So ideally what we want to do is to come up with another line that when we mapped the data on it, it captures the remaining variance but also avoid redundancy. The last point means that the covariance between the observations that we have already mapped to the first line (the blue line in Figure 3.6) and the observations that we mapped on this new line should be zero or very close to zero.
It turns out that the only way of finding such a line is to find the line that is orthogonal to the first line (the blue line in Figure 3.6). Orthogonal means that the angle of this new line to the blue on should be exactly 90 degrees:
# set number of plots to 1
par(mfrow=c(1,1))
# plot an empty plot
plot(1,type="n",axes=F,xlim=c(-0.1,1.2),ylim=c(-0.1,1.2),xlab="",ylab="")
# define axis
x1 = c(1,0)
x2 = c(0,1)
# plot x arrow
arrows(0,0,x1[1],x1[2])
# plot y arrow
arrows(0,0,x2[1],x2[2])
# draw angle
segments(x0 = 0.1,y0 = 0,x1 = 0.1,y1 = 0.1)
segments(x0 = 0,y0 = 0.1,x1 = 0.1,y1 = 0.1)
# draw arrow to the text
arrows(0,0,0.17,0.17)
# write text
text(0.4,0.2,"This angle is 90 degree",cex=1.5)
Figure 3.7: We try to fit many lines through the data
Figure 3.7 shows two arbitrary lines, the lines are called orthogonal/perpendicular to each other.
So now that we know what orthogonal means, we will find a line to be orthogonal to our blue line in Figure 3.6):
# fix number of columns in the plot
par(mfrow=c(1,2))
# define variables
var1<-18924
var3<-18505
# plot the data
plot(data[,c(var1,var3)],xlab = "Variable 1", ylab = "Variable 3",xlim = c(2,15),ylim = c(2,15))
# draw a line
# intercept
b<--5.172751
# slope
m<-1.548455
# draw the line
abline(a = b,b = m,col="blue",lwd = 2)
# intercept
b<-11.8710127
# slope
m<--0.6458052
# draw the line
abline(a = b,b = m,col="green",lwd = 2)
#
projected_variables<-matrix(NA,nrow = nrow(data),ncol = 2)
for(i in 1:nrow(data))
{
# calculate the projection
l2 <- c(1, m + b)
l1 <- c(0, b)
l1 <- c(l1, 0)
l2 <- c(l2, 0)
u <- sum((c(data[i,c(var1,var3)],0) - l1)*(l2 - l1)) / sum((l2 - l1)^2)
r<-l1 + u * (l2 - l1)
# end projection
# draw arrow
arrows(x0 = data[i,var1],x1 = r[1],
y0 = data[i,var3],y1 =r[2],length=0.05,lty="dashed")
# save the projections
projected_variables[i,1]<-r[1]
projected_variables[i,2]<-r[2]
}
# plot the data
plot(x=decenter_data[,2],y=rep(0,nrow(data)),axes = F,ylab = "",xlab = "Combined variable 1 and 3")
axis(1, col = 'green',cex=4,pos = c(0,0),at =unique(c(floor(decenter_data[,2]),ceiling(decenter_data[,2]))) )
Figure 3.8: We try to fit the second best line through the data
Great!
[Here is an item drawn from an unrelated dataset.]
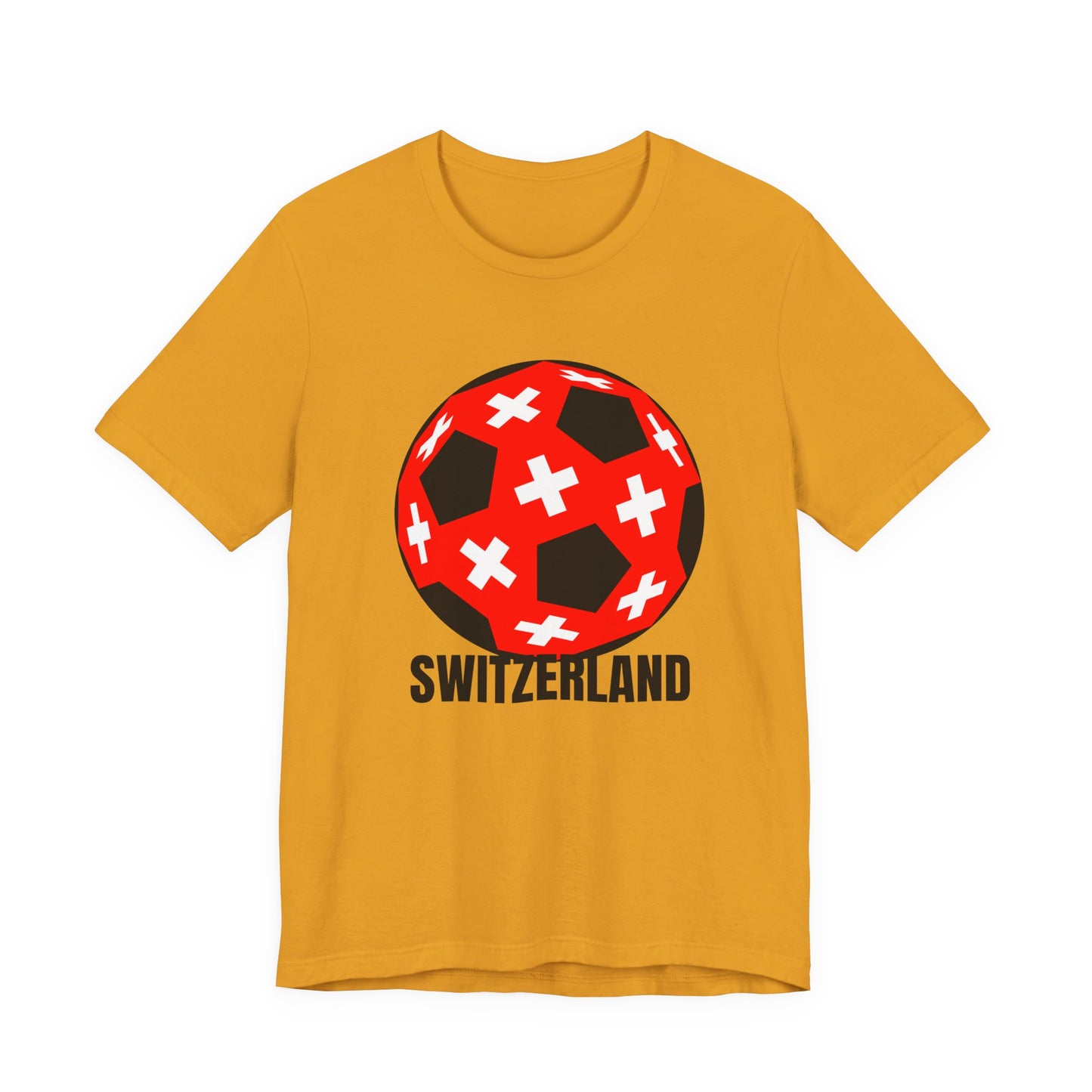 Switzerland Fan Specialty Soccer Ball Design T Shirt Black Text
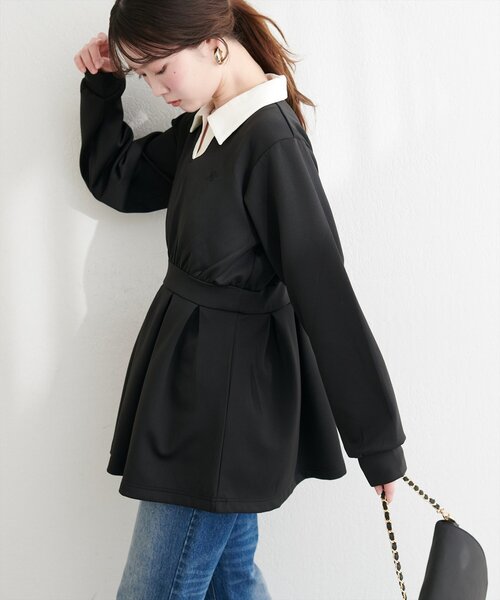 natural couture（ナチュラルクチュール）の「衿付きスキッパー配色トップス（その他トップス・レディース・ブラック/ネイビー/チャコールグレー/オフホワイト・FREE）」の11枚目の写真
Now we have two new axes. The variance of the first one (blue) was 8.5999087 and the second one was 1.0644835. And most importantly, the covariance (redundancy) between these two new axis is 3.556493910^{-10}. That is almost zero. Perfect! We have two new variables that are showing complementary variance and no redundancy. Please also note that, our small two-variable dataset had a total variance of 9.6643921 and our new variables also have 9.6643921. So we did not remove anything! We just rotate the data along two new axes (blue and green) such that our first axis (blue) show us most of the variance and does not have covariance with our second variable. Now it’s time to plot both the new variables and see what they show us:
# fix number of columns in the plot
par(mfrow=c(1,2))
# define variables
var1<-18924
var3<-18505
# plot the data
plot(data[,c(var1,var3)],xlab = "Variable 1", ylab = "Variable 3",col=factor(metadata$Covariate),xlim=c(2,14),ylim=c(2,12))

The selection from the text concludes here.